Dianne, I am so sorry for your loss. You are in my prayers.


----------



## harrysmom (Sep 28, 2007)

Dianne,

I'm very sorry to hear about your Mom. I'll keep your family in my prayers.

Hugs.
Debbie


----------



## Madison's Mom (Dec 26, 2007)

Such a wonderful memory of your last time together. Prayers for peace and comfort are being sent your way.


----------



## revakb2 (Sep 8, 2006)

I am so sorry for your loss.


----------



## romeo&juliet (Jun 23, 2011)

Im so sorry for your loss you and your family are in my prayers.


----------



## Snowbody (Jan 3, 2009)

Dianne - I'm so sorry for your loss. As Lynn has said about Jerry, you think you're prepared but you never really are. It sounds like you had very loving last minutes with your mom where you were so close to her and caring for her. I think maybe the doctors didn't know (though often they are pretty in tune) but your mom knew. She had those special last minutes with you, made peace with leaving, let you go and spared you watching her die. I almost think my mom did that...I was with her all the time and went home because of a medical issue with my son. I got home and my brother called to say she died. It sounds like your mom and mine were very alike so maybe that was their last gift to us in this life. 
You were so lucky to have each other in your lives. I know your mom must have been bragging about her wonderful, caring daughter often and she will now be with you all the time. Just ask for her and she'll come to you -- in joy, questioning moments, even sad events. She'll be there to help guide you. As Michelle said, she had her mind which is such a blessing. I just visited my 98-year-old aunt on Wed and actually pray that she will be gone soon. She has no life at all here on earth. :crying:
If I can do anything, just e-mail me. (((hugs))) I love you.


----------



## donnad (Aug 22, 2006)

Dianne, I am so sorry for your loss.


----------



## Zoe's Mom88 (Apr 25, 2011)

Sorry for the loss of your Mother.


----------



## emmy123 (Jan 22, 2012)

I am so sorry for your loss. How wonderful to have that special time with her and to give her such loving care. I have worked in a Nursing Home for over 33 years and often a dear one will wait for that special loved one to leave because they do not want to die in front of them. Please know that my thoughts and prayers are with you.
emmy


----------



## Johita (Jul 10, 2009)

Dear Dianne I am so sorry about the loss of your sweet mother. I know that she must have gone in peace and really appreciated everything you and your brother did for her. Know that we are all here for you and love you very dearly. My thoughts and prayers are with you and your family.


----------



## sdubose (Feb 21, 2012)

I am so sorry for your loss. If I can do anything let me know.


----------



## Sylie (Apr 4, 2011)

I am so sorry, Dianne.:grouphug:


----------



## Maisie and Me (Mar 12, 2009)

Diane, We are all so sorry for your loss of your Mom :wub::grouphug::grouphug:


----------



## SammieMom (Nov 13, 2010)

Diane,
I am so sorry for your loss. You are not alone. I am so glad your Mother went peacefully. I lost my mother few yrs ago in pretty much the same way you described in your post. I visited with her and she had a fever. She was always cold too. They sent me home and in the night it happened. I spent many months regretting leaving her side. But I've come to realize no one could have known as you said. Your Mom knew how much you did for her and is at peace. The grief still comes and goes but eased over time. 

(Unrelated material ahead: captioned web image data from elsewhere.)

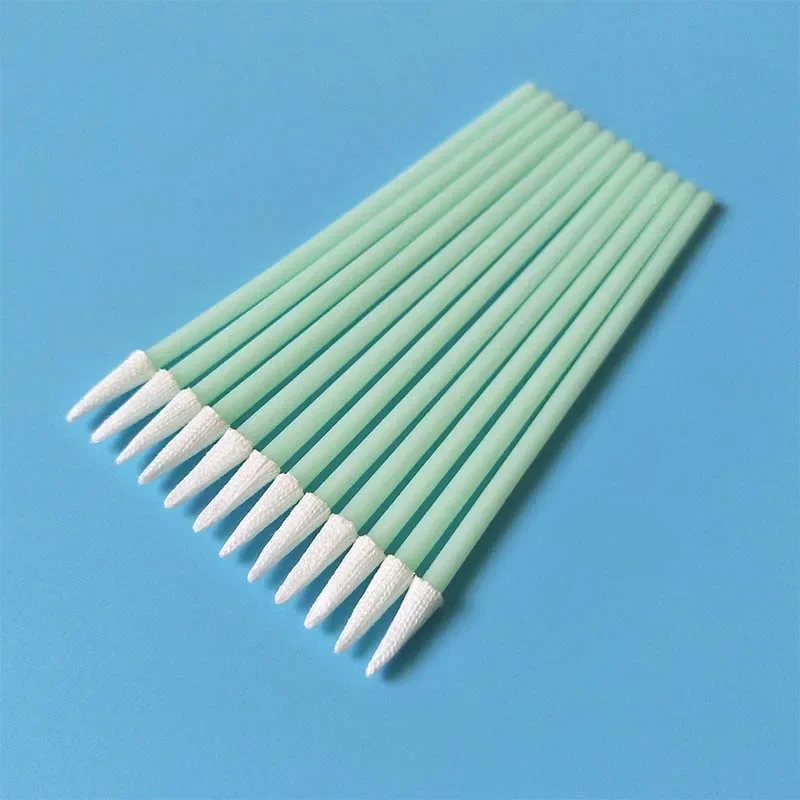 Non Woven Cotton Cleanroom Polyester Swab 100Pcs Dust Removal Cleaning COF Cable Phone Repair Tool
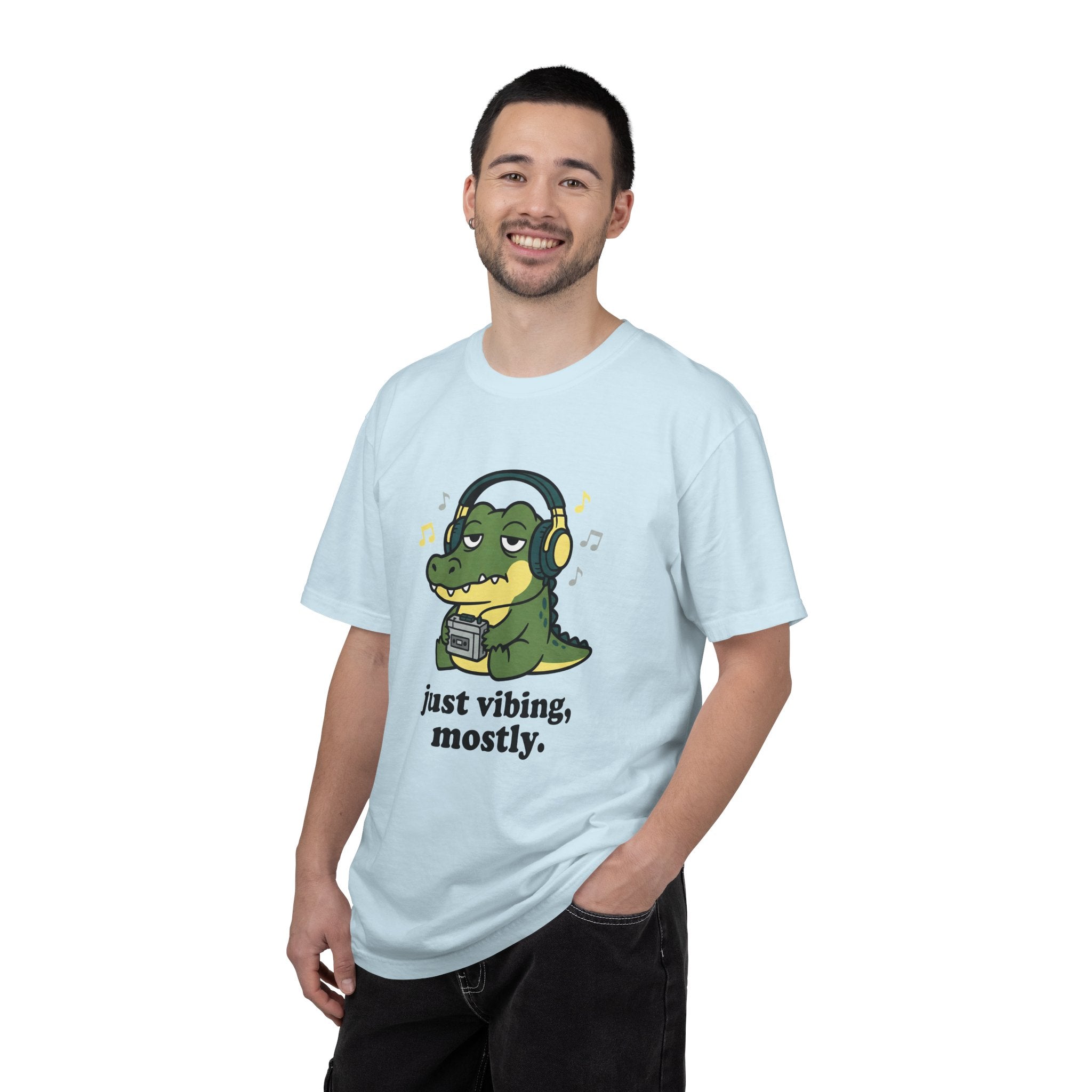Just Vibing, Mostly Crocodile T-Shirt - 100% Cotton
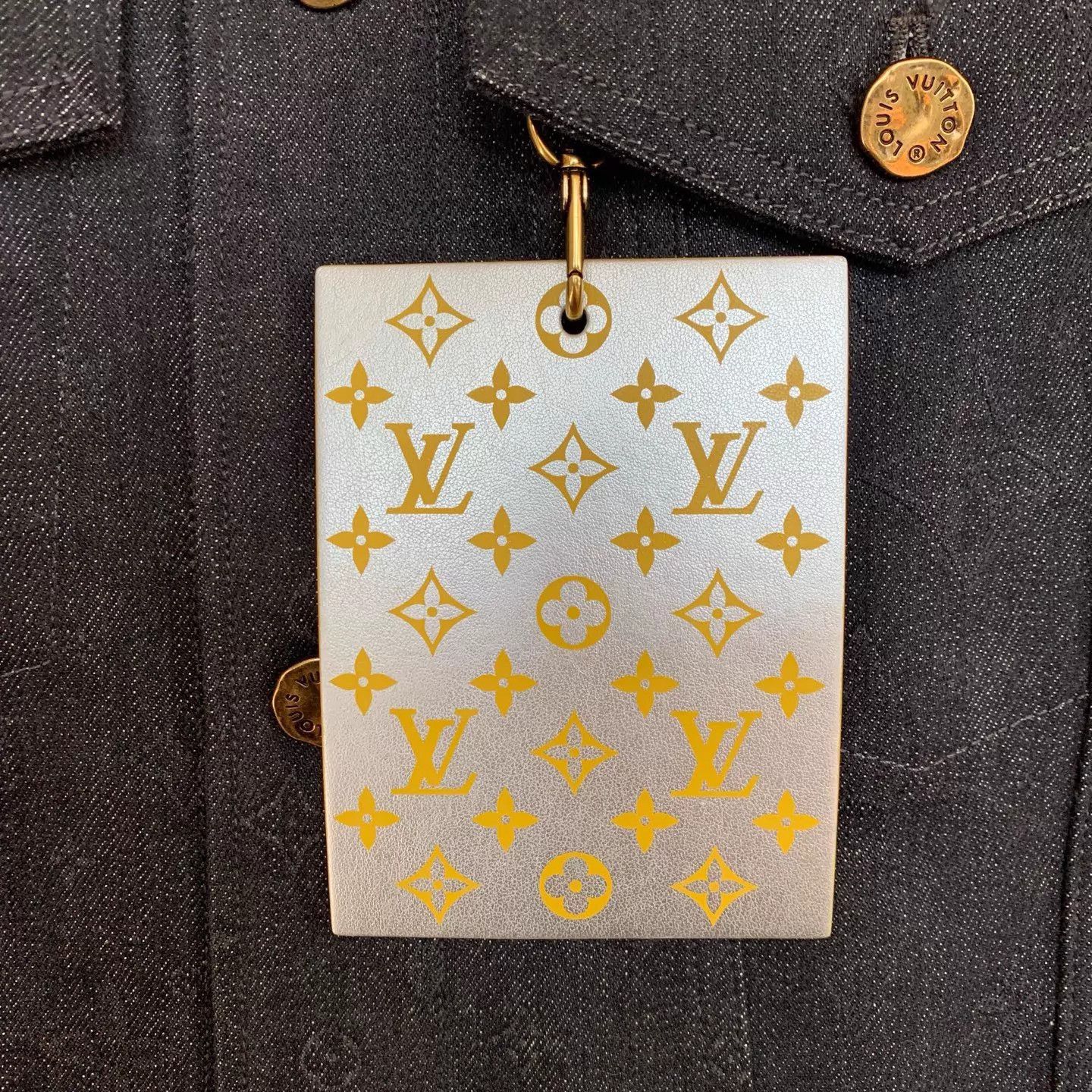 Louis Vuitton Louis Vuitton Gray Monogram Eclipse Denim Jacket Size US L / EU 52-54 / 3 - 4 Thumbnail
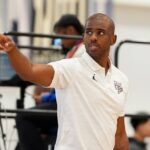 Chris Paul looks on as Team CP3 plays a game against Nightrydas at Nike EYBL at the Memphis Sports & Events Center.
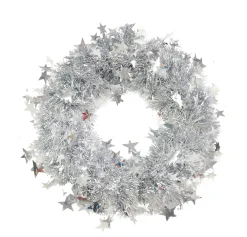 Tinsel Starry Wreath Asst (28Cm)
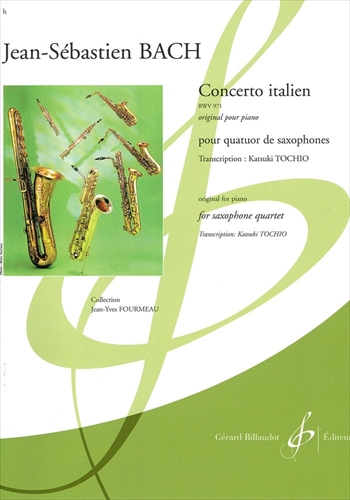 CONCERTO ITALIEN BWV971  イタリア協奏曲 BWV971 (サックス四重奏)  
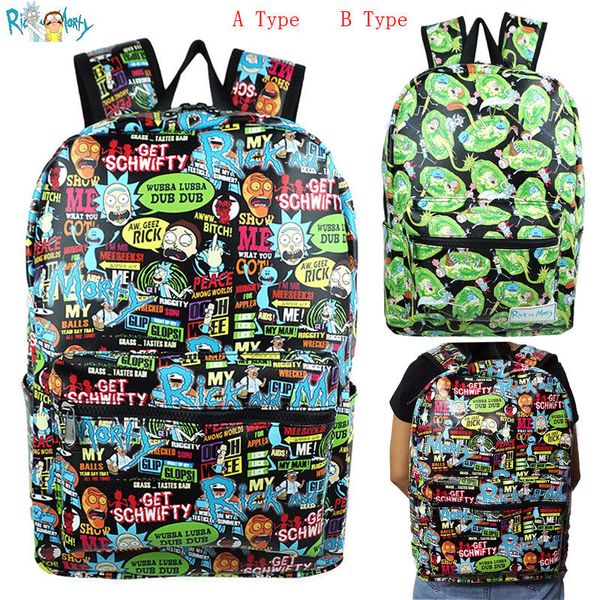 Cartoon rick and morty backpack chool bag bookbag pu leather with lapknap ack bag travel cute co play bag
Cartoon rick and morty backpack chool bag bookbag pu leather with lapknap ack bag travel cute co play bag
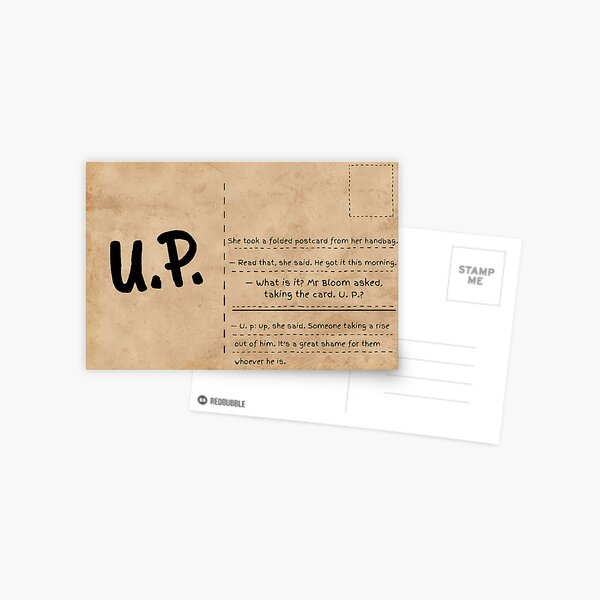 U.P.:up Ulysses Postcard Postcard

God bless and I am sending you a virtual hug. :grouphug:


----------



## elly (Sep 11, 2006)

I am so sorry for your loss.


----------



## HalosMommy (Apr 8, 2012)

I am so sorry for your loss. She is looking over you even though she is not here physically. You were a blessing to your mom. You and your family are in my prayers.


----------



## Rocky's Mom (Apr 10, 2010)

Although I do not have time or energy to post to each and every one of you, I did read every post and appreciate your thoughts and words of comfort so much. Your are all very dear to my heart.


----------



## MoonDog (Jun 6, 2011)

(((Dianne))) Your mother suffers no more and while she's no longer on this earth, she will live forever in your heart. I'm so sorry for you loss.


----------



## chichi (Apr 12, 2007)

Diane,I am so sorry for the loss of your dear mother.:grouphug:


----------



## KAG (Jun 1, 2006)

Oh Dianne,
Almost the same thing happened to me. I always bathed my Mom and washed her hair. Always put lipstick on. The night my Mom died, I didn't know, I would have stayed. I went home at 11pm to do wash, because I had absolutely nothing clean. The following day we were transferring my Mom to hospice from NY Hospital. At 12:30am I got nervous in the laundry room and left. Steve went to look for me because a Doctor called me, I was on my way up to our apartment. We missed each other. Finally he came back and told me to call the hospital. My Mother died at 12:30am. I guess the poor thing didn't want to take one last ambulance ride. 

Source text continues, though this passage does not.